Research Conclusions and Value

This study deeply analyzed the calcium signal characteristics of human microglia (including ramified, hypertrophic, and amoeboid morphologies) in their native environment using a new genetically encoded calcium indicator and advanced calcium signal detection and analysis techniques. The discovered different compartmentalization characteristics of calcium signals provide important clues for understanding the specific functions of microglia in physiological and pathological processes, offering significant guidance for future research on neurological diseases. Additionally, new technical approaches, such as RGB labeling and the novel calcium indicator mcyrfp1-caneon, provide powerful tools for further research on human microglia. This study fills a gap in our understanding of the dynamic changes in calcium signals in human microglia and demonstrates their functional heterogeneity in different morphologies.

Research Highlights

1. Novel Genetically Encoded Calcium Indicator: Developed mcyrfp1-caneon, a new ratiometric calcium indicator suitable for single-photon and two-photon calcium imaging, featuring high brightness and good linearity, serving as an important tool for existing human microglial calcium imaging research.

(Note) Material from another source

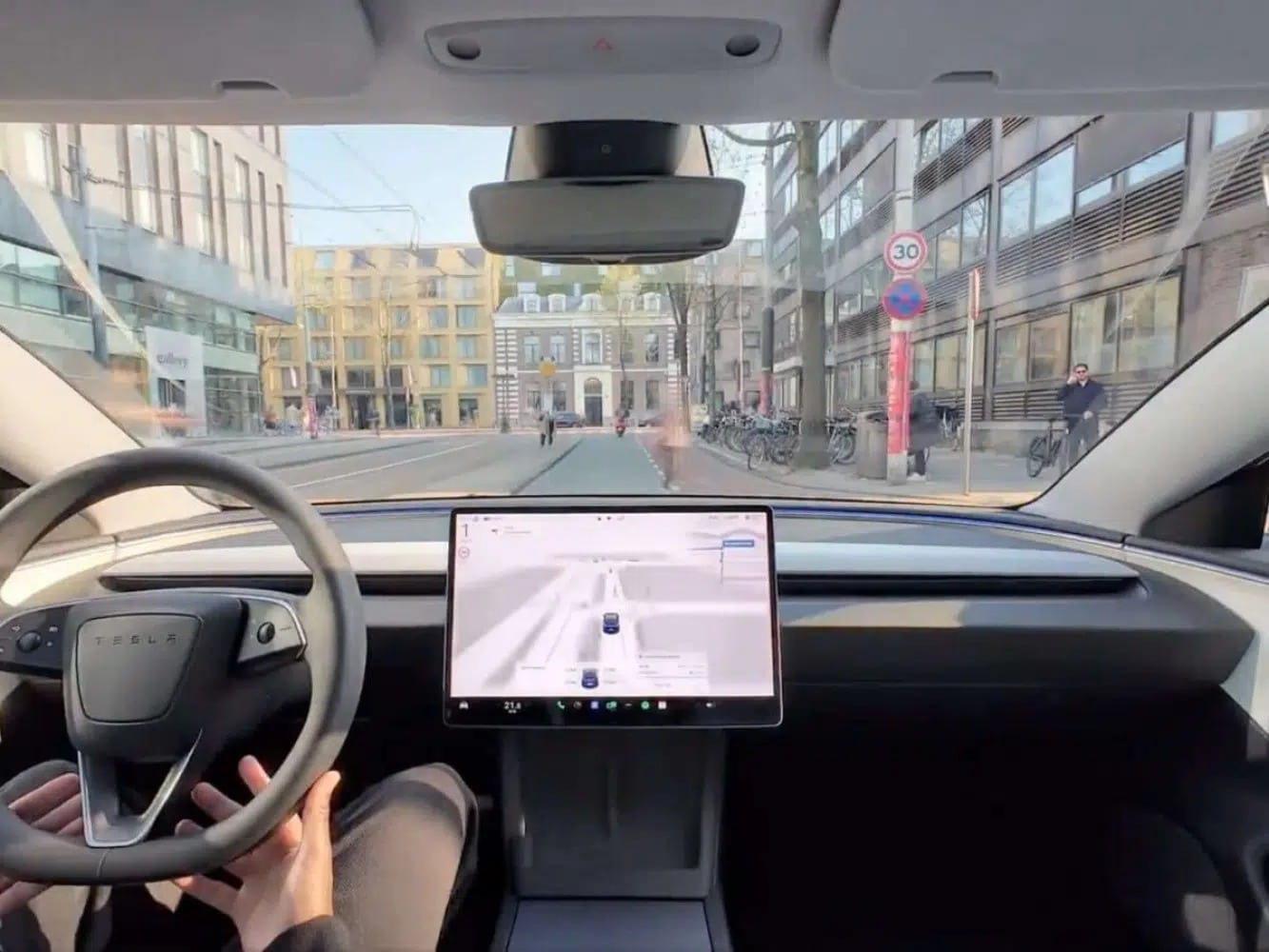 Tesla FSD στην Ευρώπη: Έρχεται η πλήρης αυτόνομη οδήγηση με συνδρομή - Πόσο θα κοστίζει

2. Calcium Signal Compartmentalization Characteristics: Revealed significant compartmentalization characteristics of calcium signals in human microglia and differences in calcium signals between different morphologies, aiding in understanding microglial functional responses in various environments.

3. Tissue Sample and Cultivation Techniques: Successfully preserved the three main morphologies of microglia using fresh post-operative human cortical tissue combined with human cerebrospinal fluid for organotypic culture, providing an important in vitro research model.

Limitations of the Study

Despite the significant progress in analyzing calcium signals in human microglia, this study has certain limitations. As tissue samples were sourced from epilepsy or tumor surgeries, they may not fully represent normal healthy tissue. Additionally, the expression of genetically encoded calcium indicators requires organotypic slice culture, which may alter cellular functional characteristics.

This study achieved important breakthroughs in technology and methodology, providing valuable data and methodological support for future functional research on human microglia.